# Checking ISBNs in Bobcat using Selenium

**Background**
The library received a donation of a large book collection and we need to check this list of book against current holding both here and in the NYU Library system generally. This can be most easily done by checking ISBNs against our library management system (LMS). 

**Problem addressed**
Checking the booklist against the LMS manually—i.e. entering each item into the online library catalog—works, but is time-consuming. Let's estimate this at 3 minutes per book for lookup and recording (i.e. yes/no as to whether it is already held in the library system). For a large collection, the time to check books adds up quickly.

**Proposed solution**
Two points from the start: 1. we already record ISBNs from donated books as part of the inventory process and store them in a list (currently in a spreadsheet); 2. the library's online catalog can search for books by ISBN. Accordingly, my proposed solution to this problem is use a Python script to iteratre over the list of ISBNS and retrieve catalog information in an automated manner.

**Code outline**
- Spreadsheet data—i.e. the ISBNs—is moved to a plaintext list, which is read into memory using Python.
- Browser session is initiated using `selenium`/`geckodriver`.
- (ISBNs are validated using `isbnlib`, etc.)
- URL request (composed of a base URL and a query parameter for the ISBN) is sent to library catalog
- Using `BeautifulSoup`, the html source for the URL is checked for the presence of a div with class 'alert'. If a search result page has an 'alert' block, it means that the given book is not in the catalog and it is assigned a value of False.
- Matches—i.e. True/False for each ISBN—are stored in a list and output to a .CSV file.

**Future direction**
Direct API access to the LMS to retrieve book data by ISBN would be a preferable way to accomplish this goal. This does not seem possible as present (and if it is, please let me know!). PJB, 11.17.17

In [None]:
# Imports

import os
import time

import csv

from selenium import webdriver
from requests import get
from bs4 import BeautifulSoup

from isbnlib import is_isbn10, is_isbn13, clean

In [None]:
# Statics
# Note: this URL works, but could probably be cleaned up
# Note: this search may be restricted to NYU ip addresses

base_url = "http://bobcat.library.nyu.edu/primo-explore/search?search_scope=all&sortby=rank&vid=NYU&lang=en_US&query=isbn,exact,"

infile = "data/isbns.txt"

In [None]:
# Read a txt file of isbns

with open(infile, "r") as f:
    isbns = f.read().splitlines()

In [None]:
# Function to validate isbns

def validate_isbn(isbn):
    return True if is_isbn13(isbn) or is_isbn10(isbn) else False

def pad_isbn(isbn):
    if len(clean(isbn)) < 10:
        return '0' * (10-len(isbn)) + isbn
    return isbn

In [None]:
# Create browser instance
# Note: this requires Firefox & Geckodriver to be installed

browser = webdriver.Firefox(executable_path='/usr/local/bin/geckodriver')

In [None]:
# Function for finding isbn matches in Bobcat (via Selenium)
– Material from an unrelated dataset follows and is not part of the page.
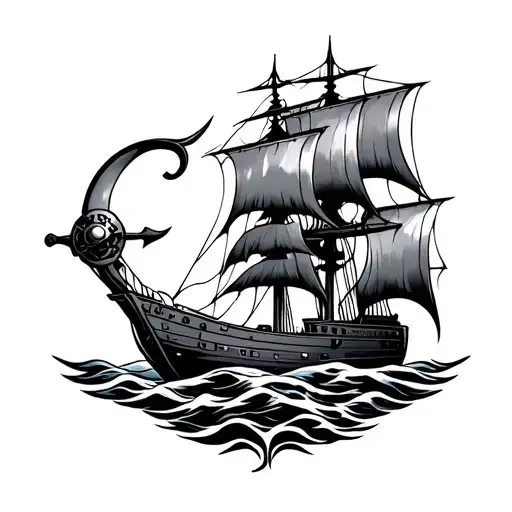 Sagittarius with propeller ship tattoo design idea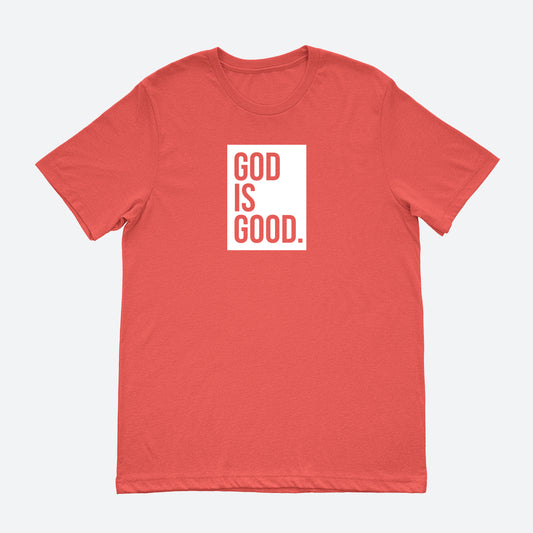 God Is Good Box Logo Unisex Tee Red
def check_bobcat_isbn(isbn):
    #check_bobcat = False # Set default return
    
    valid_isbn = validate_isbn(isbn)
    
    if valid_isbn:
        url = base_url + isbn # Build URL string
    elif validate_isbn(pad_isbn(isbn)):
        url = base_url + pad_isbn(isbn) # Build URL string
    else:
        return False
    browser.get(url) # Open url in browser instance; should trap response errors

    time.sleep(2)
    
    html = browser.find_element_by_tag_name('html').get_attribute('innerHTML')
    alert = "No records found" in html
    return False if alert else True


In [None]:
isbns = ['9785990589834', '9785446904327', '9783963270109', '9781781792834']

In [None]:
# Iterate over isbns and find matches

matches = []

for isbn in isbns:
    isbn = pad_isbn(isbn.upper())
    match = check_bobcat_isbn(isbn)
    print(f'Checking ISBN {isbn}. Result: {"Found" if match==True else "Not Found"}')
    matches.append((isbn, match))

In [None]:
# Export to csv

with open('matches.csv','w') as out:
    csv_out=csv.writer(out, quotechar = "'")
    csv_out.writerow(['isbn','match'])
    for row in matches:
        csv_out.writerow(row)

In [None]:
# Close browser instance

browser.quit()